▸ Task brief: Starting at the line with "Disney Stitch &" and stopping at the final line, retype the data below exactly; do not carry over any pictures.

▸ Information provided:
------

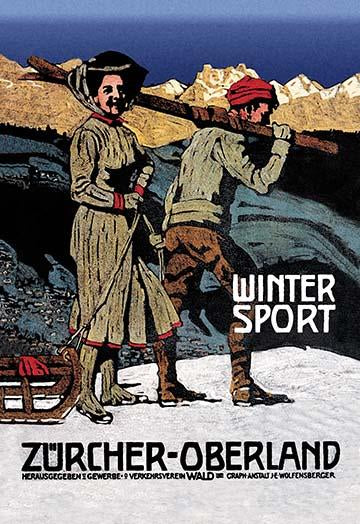 Winter Sport Vintage Poster by Alfred Marxer - Switzerland c. 1920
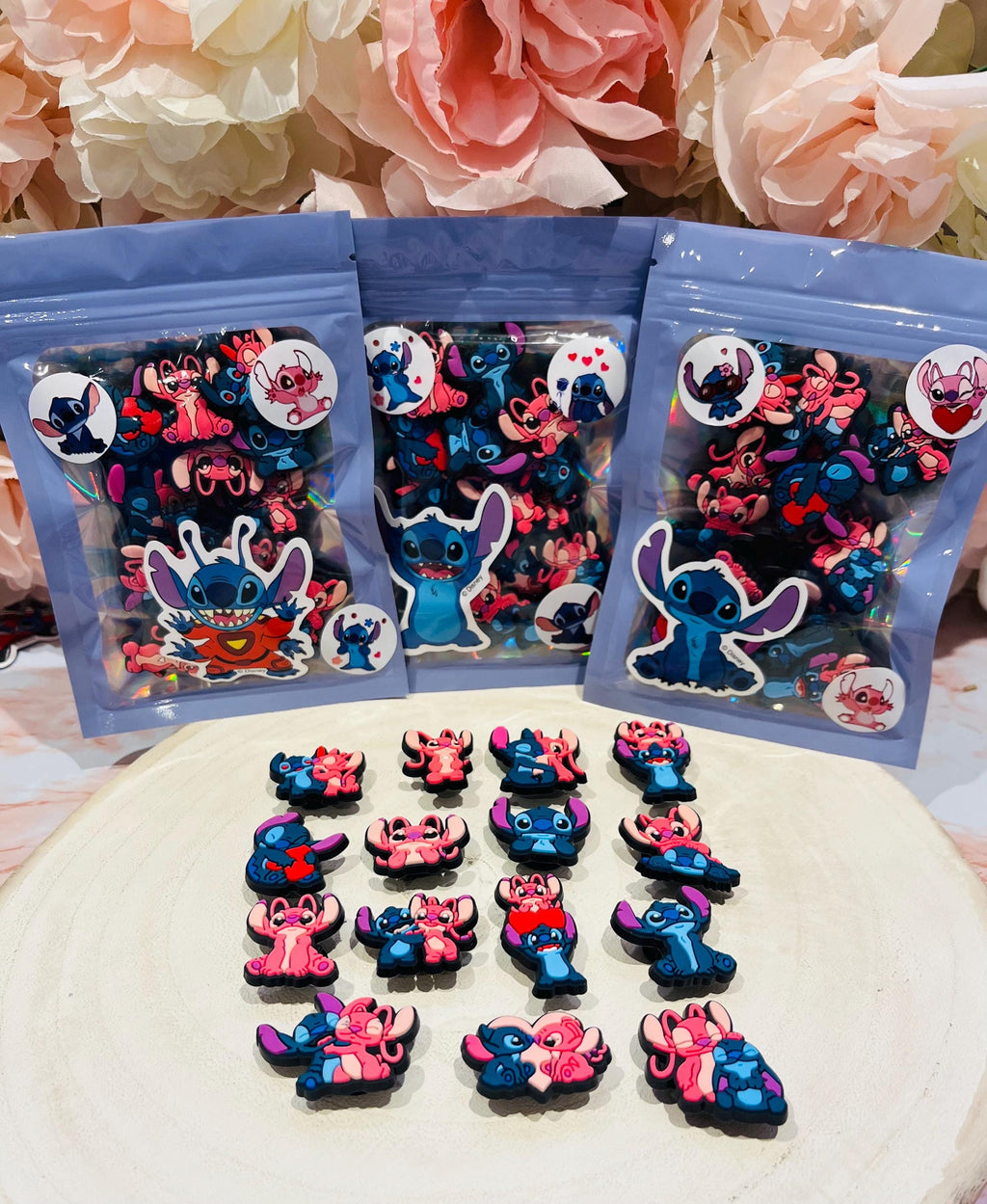 Disney Stitch & Angel Shoe Charm | Disneyland Croc Charms | Christmas Stocking Fillers | Shoe PVC Charm Set of 15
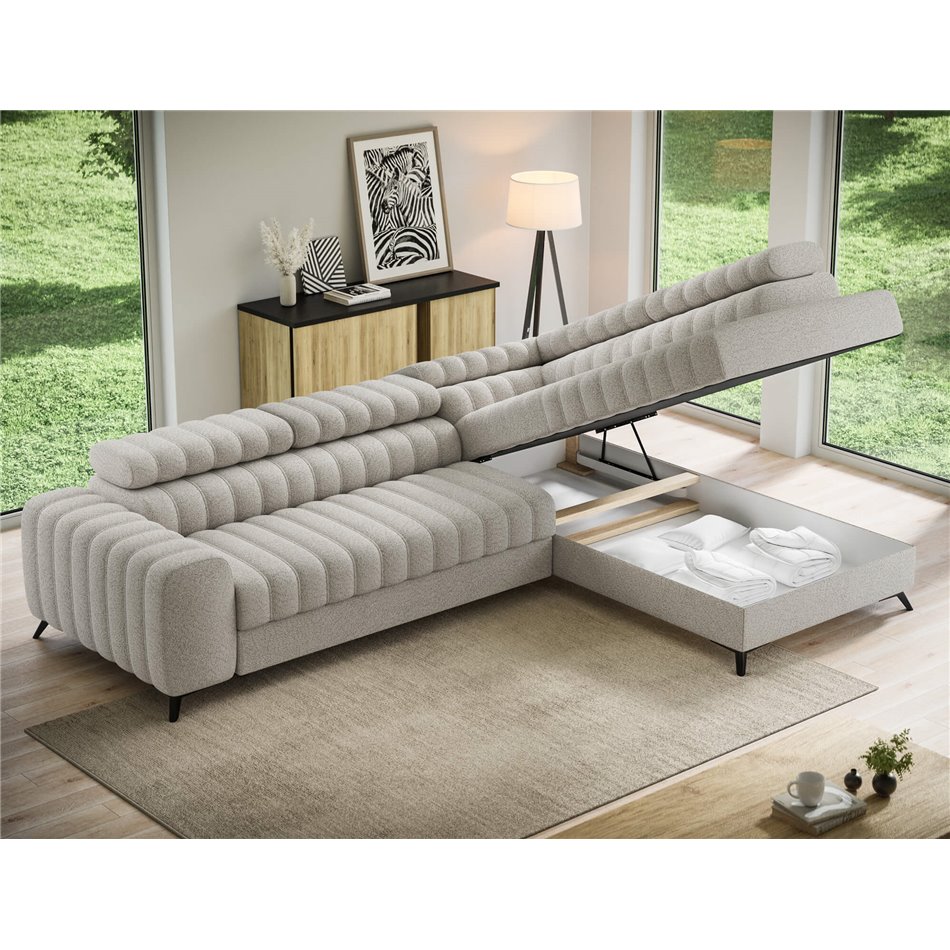 Corner sofa Elkanedo R, sleeping function, Royal 18, boucle, beige, H86x269x204cm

------

▸ Answer for this exercise:
 Disney Stitch & Angel Shoe Charm | Disneyland Croc Charms | Christmas Stocking Fillers | Shoe PVC Charm Set of 15
 Corner sofa Elkanedo R, sleeping function, Royal 18, boucle, beige, H86x269x204cm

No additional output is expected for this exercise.